Ninety per cent of the survey respondents say a broadcast radio tuner should be standard equipment in every car, a trend that is consistent across age groups, indicating strong demand among current and future car buyers.

The survey also reveals that the availability of radio has a major impact on consumers’ vehicle purchasing decisions: 82 per cent of potential car buyers say they would be less likely to buy or lease a vehicle that is not equipped with a built-in radio tuner.

The survey – commissioned by industry association WorldDAB in partnership with Radioplayer and sponsored by The National Association of Broadcasters, Commercial Radio Australia, and Xperi – interviewed those who had recently purchased or leased a new car, or plan to do so in the near future. The study included interviews in Australia, France, Germany, Italy, the UK and the USA.

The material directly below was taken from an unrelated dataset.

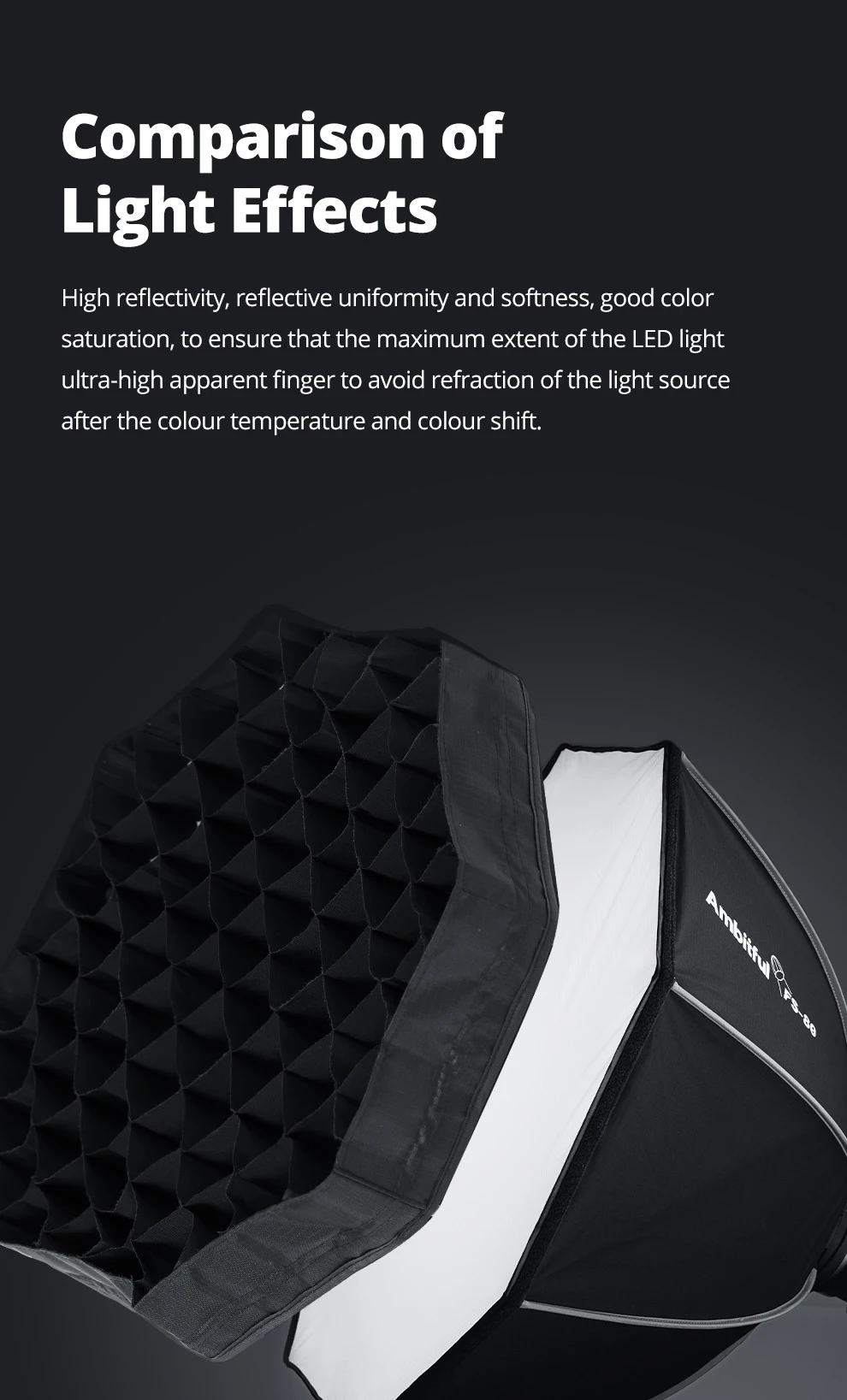 Ambitful FS Series FS40cm 60cm 80cm Quick-Setup Octagon Softbox Bowens Mount for Godox Aputure Sokani Studio LED Video Light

When considering the most valued standard-fit audio features in a new car, having a broadcast radio tuner ranks highest for the respondents (rated ‘important’ by 89 per cent), ahead of USB ports (rated ‘important’ by 86 per cent) and the availability of Bluetooth (rated ‘important’ by 85 per cent), and well ahead of smartphone mirroring technology (Android Auto is rated ‘important’ by 65 per cent and Apple CarPlay by 54 per cent).

Day-to-day consumption of broadcast radio among motorists remains significantly higher than for any other form of audio content. 65 per cent of respondents say they listen to broadcast radio in the car ‘frequently’, versus 23 per cent for online streaming music services and 15 per cent for CDs. Echoing the usage levels, a clear majority (80 per cent) agree with the statement: “radio provides a better listening experience in the car than other types of audio sources.”  Respondents say the primary reason for listening is ‘to get news and information’, cited by 63 per cent, followed by ‘to hear favourite songs’ (42 per cent).

A clear majority don’t want to pay for radio – 93 per cent say it is ‘important’ that radio should remain free to listen to – as it is currently via analogue and digital broadcast radio tuners. The importance of free-to-air radio was highlighted by motorists’ concerns about data charges for streamed content: a clear majority (70 per cent) of those who currently listening to audio via their mobile device say they are ‘concerned’ about how much data they are using.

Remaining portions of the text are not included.